In terms of grant writing, it's something that sort of comes with the territory. Most scientists have to write grants, even ones in industry occasionally. But grant writing doesn't have to keep you chained to a desk all day, or keep you out of the field. In general, the more senior people in a lab tend to do a lot of the writing, so if running a lab and having to write the grants to keep that lab funded doesn't sound appealing to you, there are field technician jobs for example in oceanography where you spend a lot of time at sea and doing laboratory work.
As far as feeling insecure, all scientists feel that way from time to time, at all stages of their careers. I certainly do. And I have definitely had more grants rejected than funded. The best advice I can give is to remember that you are only seeing the "blooper reel," so to speak, of your own life but nobody else's. When you see other people celebrate their successes, you aren't seeing all the failures that happened in between. The people who seem to be really smart and successful also receive rejections, have experiments fail, and make mistakes. It's good to keep an open dialogue with other people at different stages in their careers for advice, help, or sympathy. Fortunately, astrobiology is probably one of the most welcoming fields I can think of.
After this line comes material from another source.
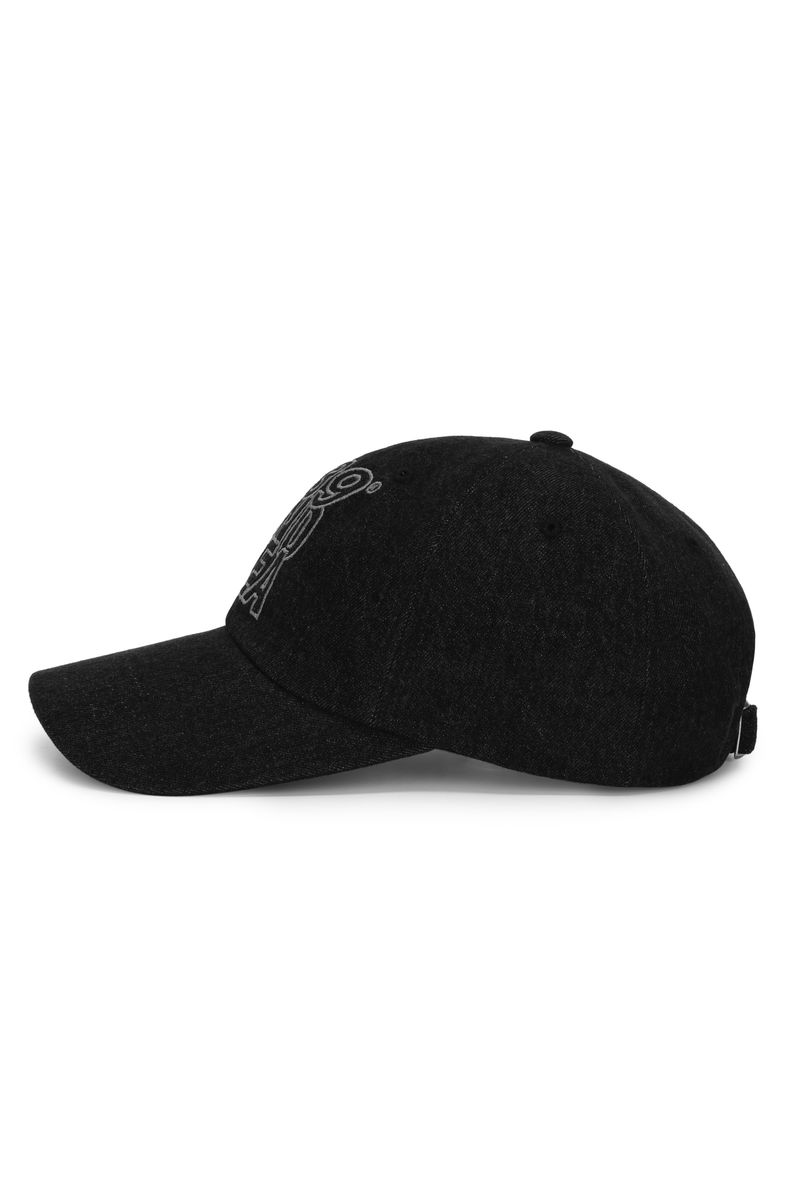 AB X WIND AND SEA DENIM CAP (CHARCOAL)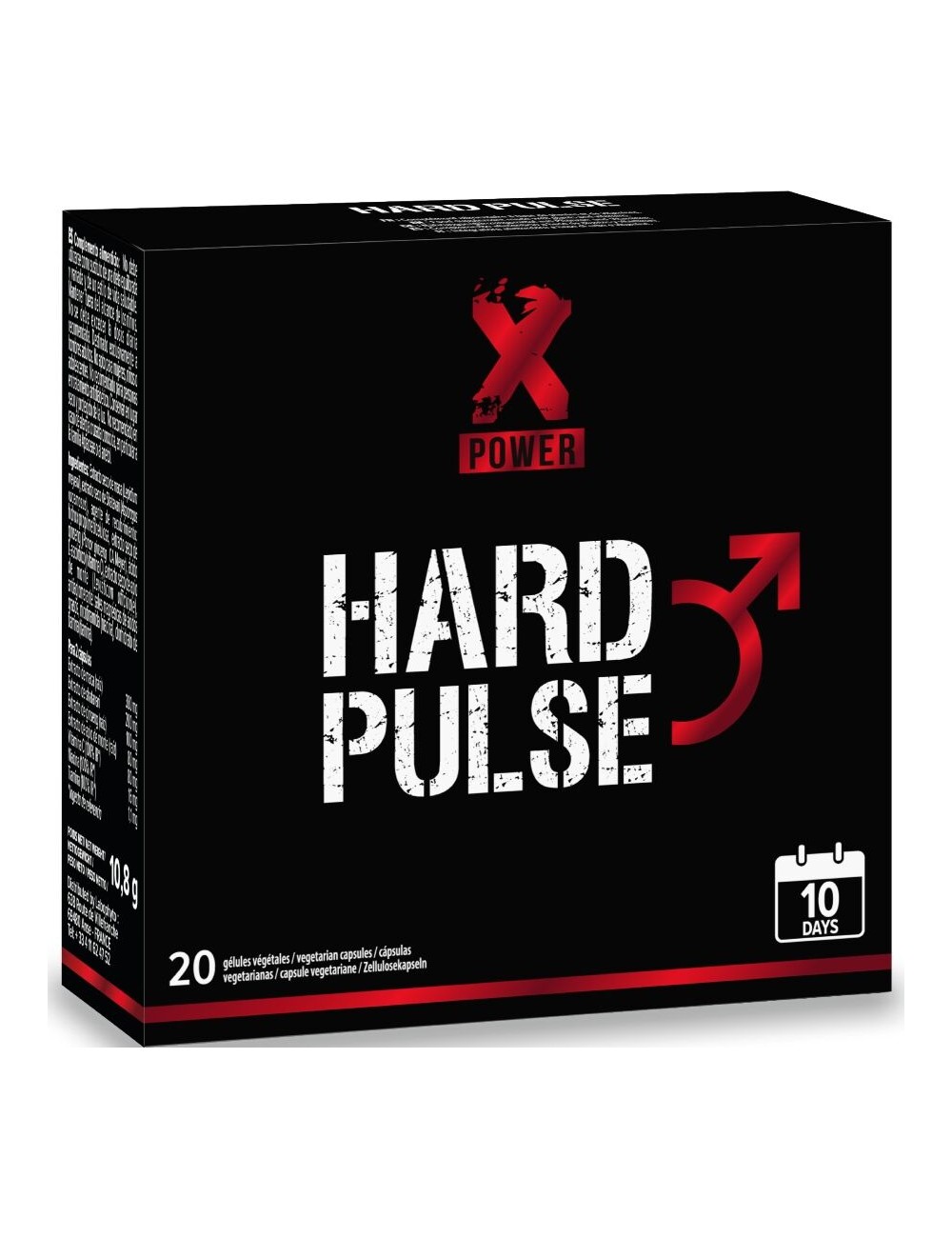 XPOWER - TRATTAMENTO HARD PULSE EXPRESS 10 GIORNI DI EREZIONE E RESISTENZA 20 CAPSULE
I recommend at your stage to start looking around at master's programs and seeking out astrobiology-related research that interests you. If you find someone that's working on a project that sounds appealing, reach out to them and ask them about it, and see if they are accepting students to mentor in their lab. (SAGANet is a great place to start looking for people doing cool research.) And if someone doesn't get back to you, don't take it personally. A lot of times people are busy and emails get lost in the shuffle. Be persistent and stay optimistic!
Thank you so much for your reply! It is informative and addressed my questions very well. I feel a lot better hearing that from someone enrolled in a postdoc. I'll take your advice and start looking around.
There are indeed a number of us who were drawn to astrobiology because of the big picture questions, often because of a religious upbringing that started us out thinking about similar issues. I was raised evangelical Christian myself, with evolution one of the "taboo" topics in science, among others. Explaining the extinction of the dinosaurs was another problematic issue for our theology. intelligent design was a popular solution, although as I dug into the intelligent design books, I found no real coherent alternative to evolution. Eventually, I had read enough intelligent design books that I had inadvertently learned the fundamentals of evolutionary biology! After further thinking and reading, I decided that evolution was a much more satisfying idea. However, only a handful of others in my church community agreed.
If you're interested, you can watch this short talk I gave at a conference last year that describes a little bit of my spiritual journey.
One feature of the astrobiology community that I really enjoy is that most astrobiologists have a bigger-picture view of their science and may be more willing to engage in thinking about the philosophical or social consequences of our field.
There are certainly many paths to becoming an astrobiologist, and you don't necessarily need an undergraduate degree in biology. My own undergraduate training was in astrophysics and computer science, but I have astrobiology colleagues who are social scientists, economists, educators, and more. The idea behind astrobiology is that everybody brings their expertise from a different perspective to work together in the search for life.
Good luck in the next step of your journey!
Which of the great filters is the most likely to stop intelligent life from being everywhere? Is it the power of an individual, as technology improves, with bad intent to end life and civilization?